I have a very high income and i also have credit facilities. I've calculated i could deal with a 60% drop in the market. ( i hope this isn't nessecary) 

Geea


----------



## Sir Osisofliver (26 October 2009)

geea said:


> I have a very high income




Enough to get you out of a margin call in the required 24 hours? You do know how  margin Loan works in the event of a margin call right?  Most margin lenders allow a *10% buffer* of the value of the portfolio. A million dollar portfolio therefore has a $100,000 buffer attached to it. If you exceed your security value and enter into a margin call, you are then required to pay the call within 24 hours.*including bringing the account completely out of the buffer*.  Unless your portfolio is very small it would be difficult for your job to provide you with the ready cash to pay the call. 







> and I also have credit facilities.




Um margin lenders would not accept a credit card. I ASSUME therefore you are talking about a line of credit, overdraft facility or other means of credit other than a credit card that you can access quickly.  In which case I would say that keeping some of your borrowing capacity aside as a reserve in case of emergency is a wise choice and makes for a much more secure long-term strategy.

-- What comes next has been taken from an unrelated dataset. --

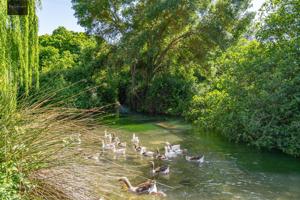¿Sueñas con vivir en plena naturaleza, rodeado de tranquilidad y belleza? photo 0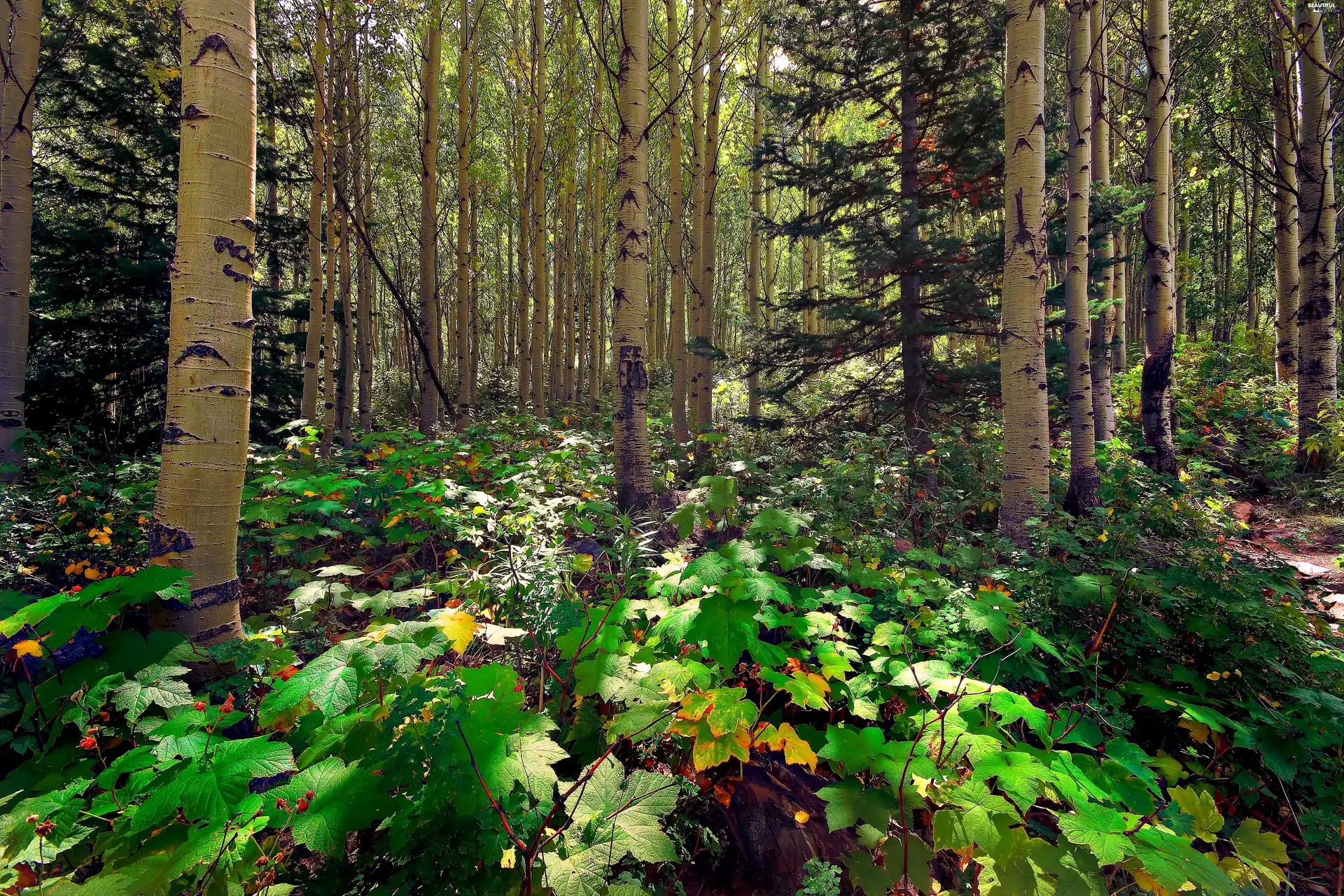 forest, green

If you are talking about a credit card however because it is an unsecured loan to you your margin lender would not accept payment in this way.  You would have to draw a cash advance from your credit card, deposit and transfer the funds into your Margin Lenders account.  Needless to say if you are doing this you are in BIG TROUBLE.




> I've calculated i could deal with a 60% drop in the market. ( i hope this isn't necessary)
> 
> 
> Geea





Cheers 
Sir O


----------



## cutz (26 October 2009)

geea said:


> I have a very high income and i also have credit facilities. I've calculated i could deal with a 60% drop in the market. ( i hope this isn't nessecary)
> 
> Geea




FWIW i wouldn't bother with a margin loan, the banks charge what i consider to be an excessive amount of interest for a safe loan, i say safe because it's safe for the banks, they can dump everything and recoup their cash at the blink of an eye. Check out the storm thread to see what i mean.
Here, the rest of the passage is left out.